[Dataset excerpts]
_ _ _ _ _

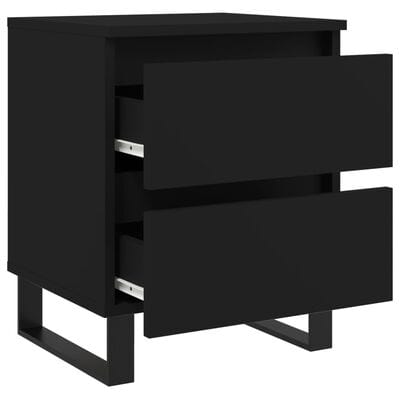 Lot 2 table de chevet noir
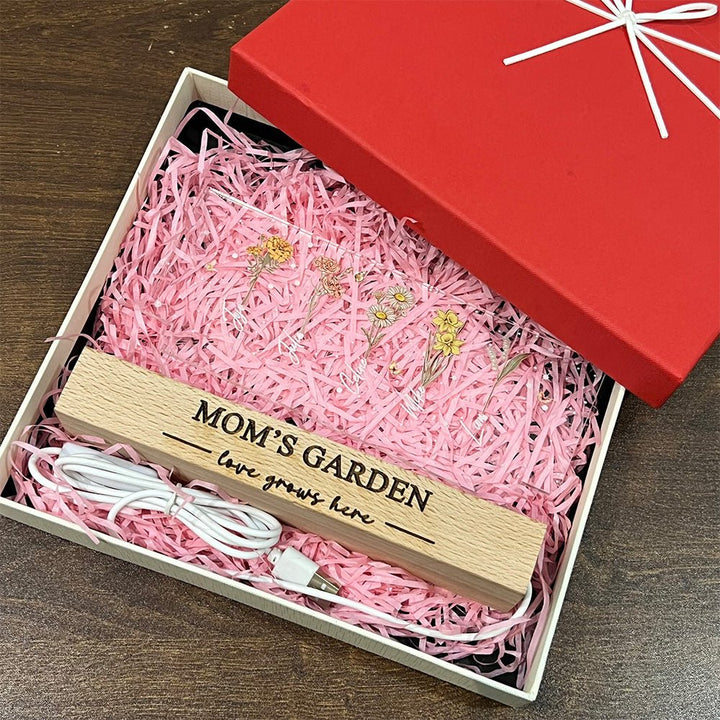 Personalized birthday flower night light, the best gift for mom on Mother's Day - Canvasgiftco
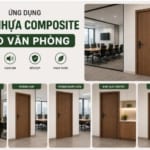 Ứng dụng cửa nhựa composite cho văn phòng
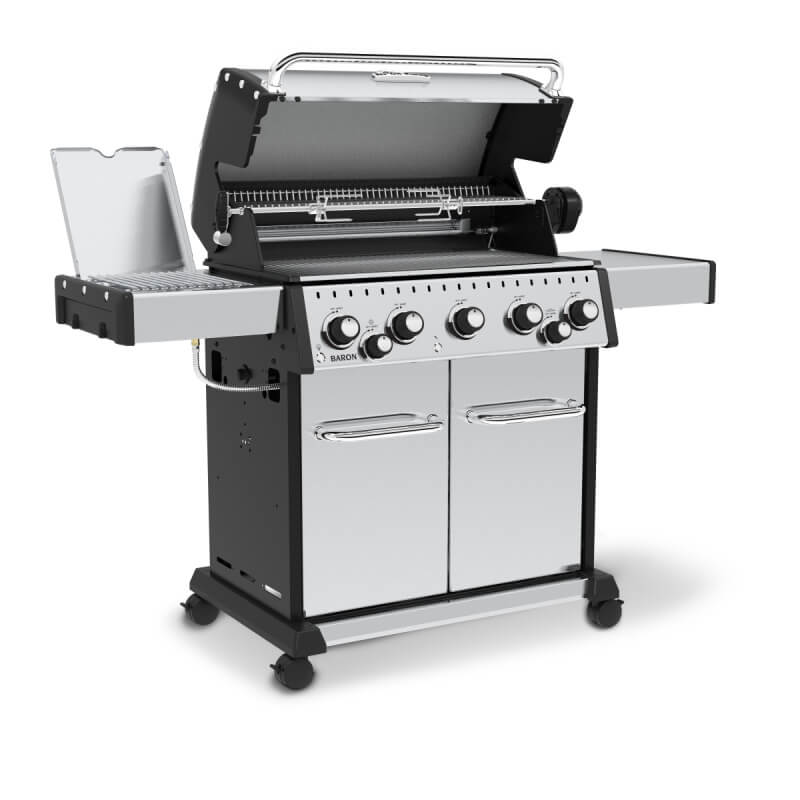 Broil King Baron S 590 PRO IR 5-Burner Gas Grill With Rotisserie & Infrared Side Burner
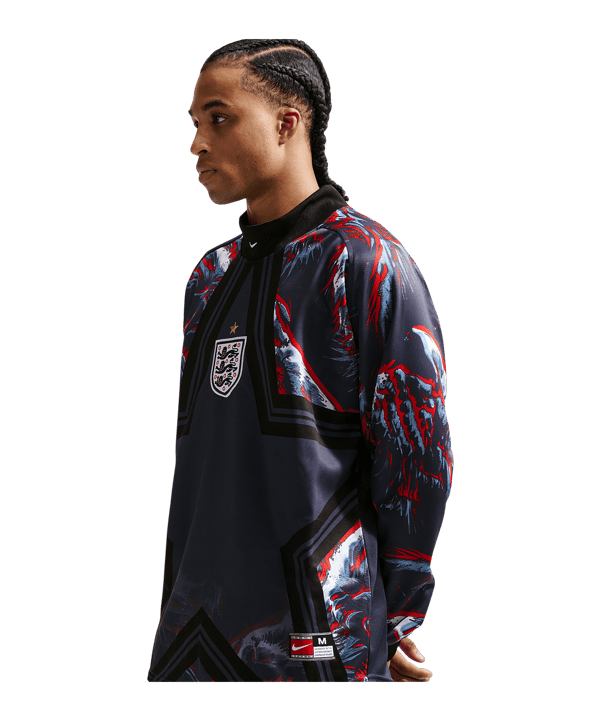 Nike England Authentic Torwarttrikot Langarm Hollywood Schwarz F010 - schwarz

_ _ _ _ _

WHAT NEEDS TO BE DONE - Find the line containing "Ứng dụng cửa nhựa composite cho văn phòng", then extract it and every line after it to the end of the data above, exactly and nothing else, without pictures.

TASK RESPONSE -
 Ứng dụng cửa nhựa composite cho văn phòng
 Broil King Baron S 590 PRO IR 5-Burner Gas Grill With Rotisserie & Infrared Side Burner
 Nike England Authentic Torwarttrikot Langarm Hollywood Schwarz F010 - schwarz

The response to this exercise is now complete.